Give it a first try and if you can't bet it to work, post here your xorg.conf after your modifications and I will try to help.
- 10-10-2008 #4Just Joined!
- Join Date
- Oct 2008
- Posts
- 3
I have Fedora 9 installed right now but I've tried Fedora 10 beta and Ubuntu 8.04 and Ubuntu 8.10 beta hoping that the Gnome 2.24 multi-display GUI interface was working. I tried the proprietary nvidia drivers but there was always some glitch that caused it to not work, either missing nvidia-settings software with Ubuntu 8.04 to bizarre problems with both Ubuntu 8.10 beta and the recompiled kernel with Fedora 9. I've tried some xorg.conf and gdm configuration but it seems that none of the documentation I've used is up to date on how to specify these. xorg.conf looks nothing like what it used to look like several years ago. I've actually succeeded in doing this some years ago but it was exceedingly difficult. -- IV
- 10-10-2008 #5Just Joined!
- Join Date
- Oct 2008
- Posts
- 3
See my reply to the other posting, but xorg.conf looks nothing like what it did a few years ago. Is the man page for xorg.conf now the definitive guide? Which configuration guide is definitive now? It seems like lots of the old stuff does not work anymore.
-- IV
- 10-10-2008 #6Linux Guru
- Join Date
- Nov 2007
- Location
- Córdoba (Spain)
- Posts
- 1,513
The xorg.conf man page is not a guide, it's just a manual. It should be correct 100% though, for the Xorg version that you have installed.

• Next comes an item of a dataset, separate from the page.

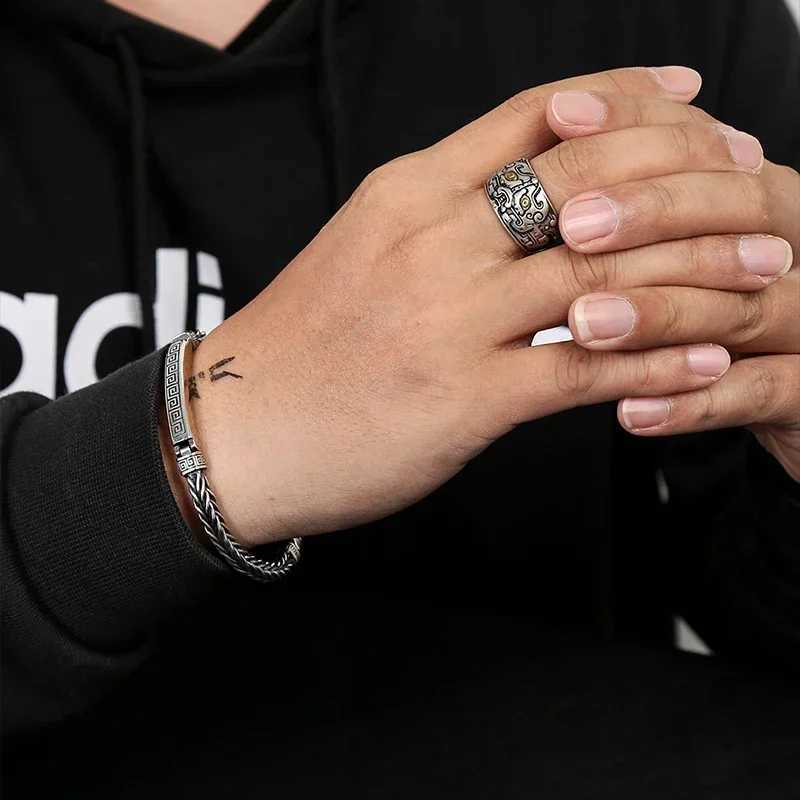 New Silver Color Hemp Rope Keel Men 4mm Bracelet Silver Tide Fashion All-Match Casual Retro Handmade Chinese Style Jewelry W251206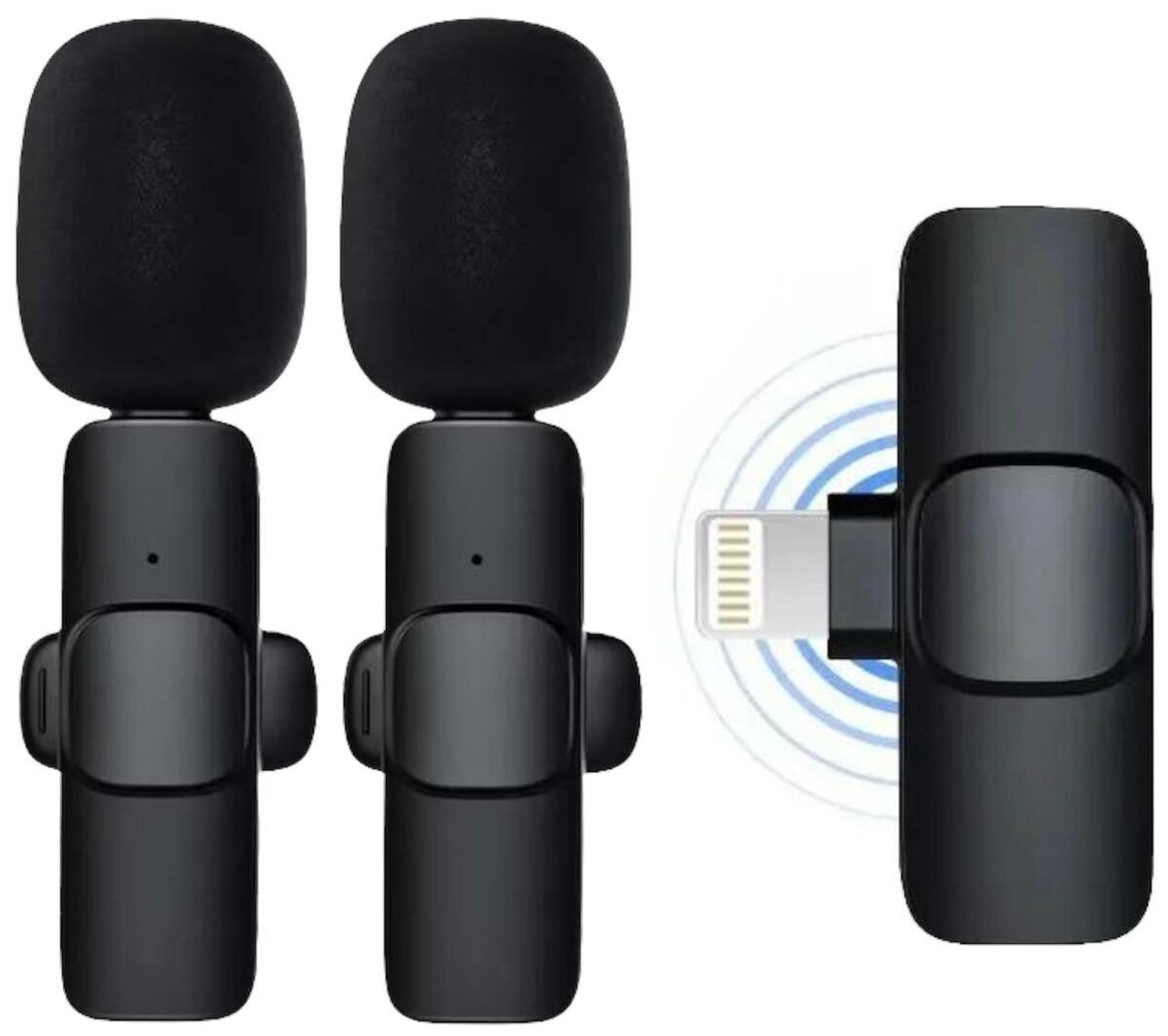 Комплект микрофонов петличных Bluetooth Lightning / Беспроводные петличные микрофоны Wireless Bluetooth Microphones Lightning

Note that the drivers might have specific options. For example, the options I commented for the nvidia driver is just -and only- for the nvidia driver. Those "driver specific" options can be usually checken in the readme files for the driver. The nvidia readmes are usually installed in /usr/share/doc/nvidia-<whatever/ or /usr/local/share/doc/nvidia-<whatever>.
That being said, *most* of the old stuff should work, the syntax hasn't changed that much over the years, but the drivers and the ways are new (twinview is also specific to nvidia, where other drivers still use xinerama which is generic).
Also, the guides are not reliable, and what you are trying to do is definitely something very specific, which not that many people do.
- 10-10-2008 #7Linux Guru
- Join Date
- Nov 2007
- Location
- Córdoba (Spain)
- Posts
- 1,513
Quick note: I have no idea about graphical configurators (or command line ones for that matter). They never worked for me, and I am just a text-mode guy. I am more confortable when I know whats happening. Graphical configurators and assistants make me nervous.